TASK STATEMENT =
Look below for the line with "Premium boxwood and". Extract that line and each one after it through the last, word for word.

RECORDED DATA =

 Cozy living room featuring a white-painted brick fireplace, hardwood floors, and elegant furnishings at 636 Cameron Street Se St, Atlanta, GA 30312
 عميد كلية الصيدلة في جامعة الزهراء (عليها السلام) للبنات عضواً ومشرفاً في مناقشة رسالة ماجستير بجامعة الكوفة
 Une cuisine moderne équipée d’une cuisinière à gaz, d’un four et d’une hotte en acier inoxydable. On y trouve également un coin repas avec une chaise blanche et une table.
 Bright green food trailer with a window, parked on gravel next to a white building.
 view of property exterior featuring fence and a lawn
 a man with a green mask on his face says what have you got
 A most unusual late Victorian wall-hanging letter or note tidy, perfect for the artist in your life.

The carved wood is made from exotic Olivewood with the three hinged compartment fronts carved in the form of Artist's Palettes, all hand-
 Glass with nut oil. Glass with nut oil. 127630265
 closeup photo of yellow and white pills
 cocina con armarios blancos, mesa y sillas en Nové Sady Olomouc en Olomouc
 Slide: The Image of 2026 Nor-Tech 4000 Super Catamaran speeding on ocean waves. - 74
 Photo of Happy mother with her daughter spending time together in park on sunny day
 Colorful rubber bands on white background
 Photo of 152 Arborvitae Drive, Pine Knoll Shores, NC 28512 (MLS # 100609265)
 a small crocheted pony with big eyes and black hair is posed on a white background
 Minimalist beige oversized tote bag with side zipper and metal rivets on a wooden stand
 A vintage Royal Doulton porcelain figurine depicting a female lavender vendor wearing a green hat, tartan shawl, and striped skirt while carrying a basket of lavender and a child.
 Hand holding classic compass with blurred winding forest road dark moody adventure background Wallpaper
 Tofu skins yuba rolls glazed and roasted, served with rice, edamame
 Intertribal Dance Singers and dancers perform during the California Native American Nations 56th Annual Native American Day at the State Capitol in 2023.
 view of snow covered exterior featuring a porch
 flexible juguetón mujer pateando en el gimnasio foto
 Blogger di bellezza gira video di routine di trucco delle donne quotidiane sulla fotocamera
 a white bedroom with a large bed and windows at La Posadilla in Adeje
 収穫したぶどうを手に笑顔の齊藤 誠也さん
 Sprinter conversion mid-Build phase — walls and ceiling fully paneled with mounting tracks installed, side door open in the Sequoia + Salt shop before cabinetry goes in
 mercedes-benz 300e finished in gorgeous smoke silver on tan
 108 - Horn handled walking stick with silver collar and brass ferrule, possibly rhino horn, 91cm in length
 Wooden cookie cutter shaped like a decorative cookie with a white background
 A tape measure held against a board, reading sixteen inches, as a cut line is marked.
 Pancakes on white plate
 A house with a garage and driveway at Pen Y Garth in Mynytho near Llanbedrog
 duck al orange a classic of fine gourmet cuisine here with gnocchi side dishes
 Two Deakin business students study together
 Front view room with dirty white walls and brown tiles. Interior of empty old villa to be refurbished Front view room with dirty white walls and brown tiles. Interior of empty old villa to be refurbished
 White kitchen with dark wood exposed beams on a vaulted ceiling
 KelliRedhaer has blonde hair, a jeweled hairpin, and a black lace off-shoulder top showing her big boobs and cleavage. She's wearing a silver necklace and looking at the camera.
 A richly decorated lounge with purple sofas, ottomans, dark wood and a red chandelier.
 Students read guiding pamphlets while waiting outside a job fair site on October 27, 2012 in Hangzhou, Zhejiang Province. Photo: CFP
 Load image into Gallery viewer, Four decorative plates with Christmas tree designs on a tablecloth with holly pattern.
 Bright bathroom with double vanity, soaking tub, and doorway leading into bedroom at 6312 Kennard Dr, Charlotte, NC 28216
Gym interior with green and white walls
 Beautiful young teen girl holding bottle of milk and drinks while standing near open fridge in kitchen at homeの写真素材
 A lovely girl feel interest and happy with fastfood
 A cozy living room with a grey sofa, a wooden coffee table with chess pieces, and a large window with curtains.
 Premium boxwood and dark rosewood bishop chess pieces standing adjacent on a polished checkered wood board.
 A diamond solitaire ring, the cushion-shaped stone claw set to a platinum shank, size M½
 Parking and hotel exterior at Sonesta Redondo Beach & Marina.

ANSWER SPACE =
 Premium boxwood and dark rosewood bishop chess pieces standing adjacent on a polished checkered wood board.
 A diamond solitaire ring, the cushion-shaped stone claw set to a platinum shank, size M½
 Parking and hotel exterior at Sonesta Redondo Beach & Marina.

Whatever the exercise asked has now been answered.